London Lite, Apple, iTunes and headline-writing

The London Lite made an interesting headline choice today. Here's the headline in question and part of the story:

Apple slices 20p off iTunes songs

Apple is introducing a new pricing structure to iTunes, meaning the cost of some tracks will fall by 20p to 59p. From April, a three-tiered system will see songs priced at 59p, 79p and 99p. Currently, all tracks cost 79p.

The London Lite could easily have gone with a negative rather than positive headline - after all, some songs are increasing in price by 20p. It would have been just as accurate, and we all know that bad news sells.

So why didn't it? Perhaps because the headline writer liked the play on words of 'Apple slices', or perhaps because the original press release was also positive (as press releases invariably are). Perhaps, for some reason, the London Lite didn't want to upset Apple. Who knows?


Anonymous said...

I haven't seen the original story but it seems accurate to me.

At present, iTunes offers regular tracks at 79p, and "iTunes Plus" tracks (higher quality with no DRM) at 99p.

I believe their intention is to reduce some of the existing 79p tracks to 59p, while retaining the 99p premium bracket as well. So in effect they are doing exactly what the headline says.

I suspect the issue with the story is, as you say, the fact that the London Lite tends to regurgitate press releases without too much though; and in this case it meant that the headline was correct but the story didn't give sufficient detail for that to be clear.

JD (The Engine Room) said...

That's interesting; when I see a headline that disagrees with the body of the story I tend to assume it is the headline that is wrong rather than the body.

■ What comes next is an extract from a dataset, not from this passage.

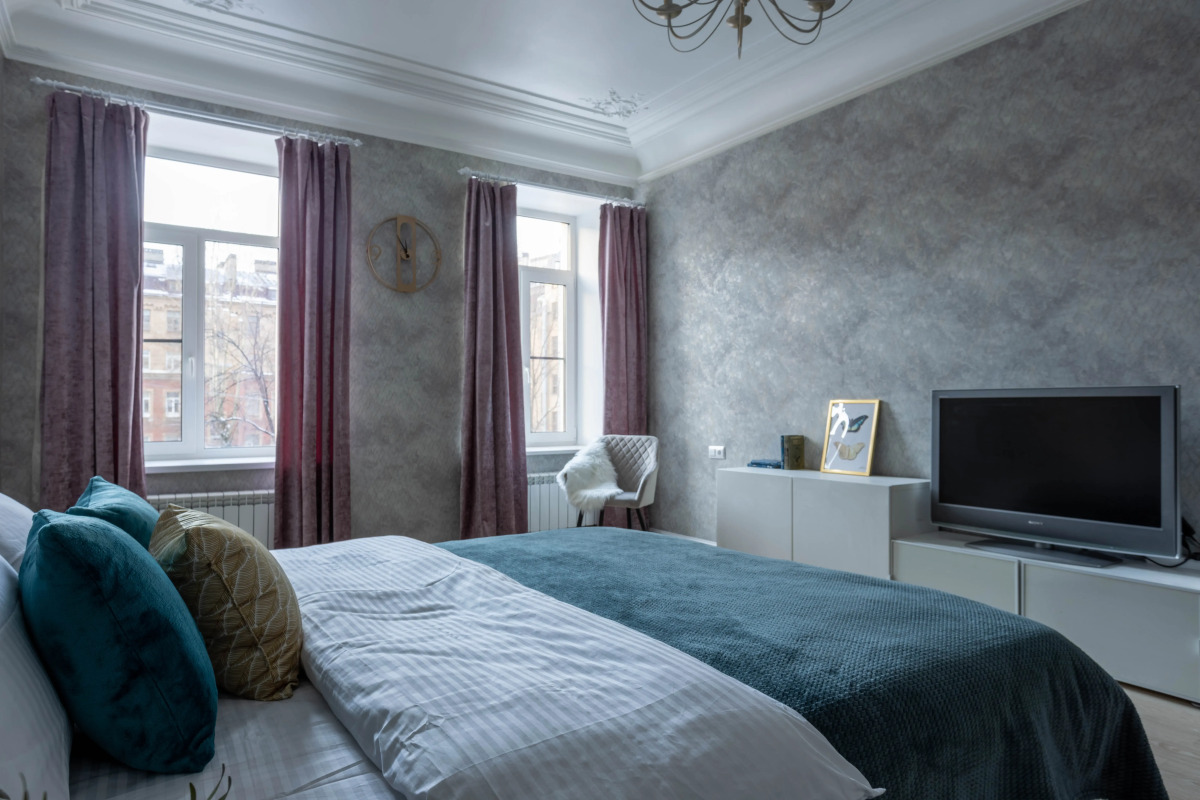 Апартаменты MyhomeYourhome на Верейской 2\60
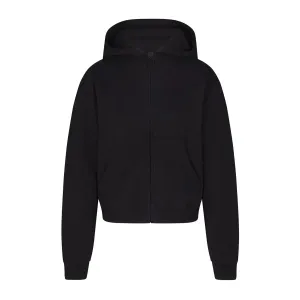 Жіноче худі SKIMS Cotton Fleece Classic Zip Up Hoodie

After all, the body copy is usually based on some sort of research (a press release at the least), whereas the headline is usually based on the body.

Perhaps in this instance the body copy was badly cut?

Apus said...

If the London Lite sub was in a negative mood he or she might have opted for "Apple cox it up" (sorry, could resist it)

JD (The Engine Room) said...

Core blimey – you've pipped me to it!

Apus said...

Wordsmiths swapping naff fruit jokes... what a pear.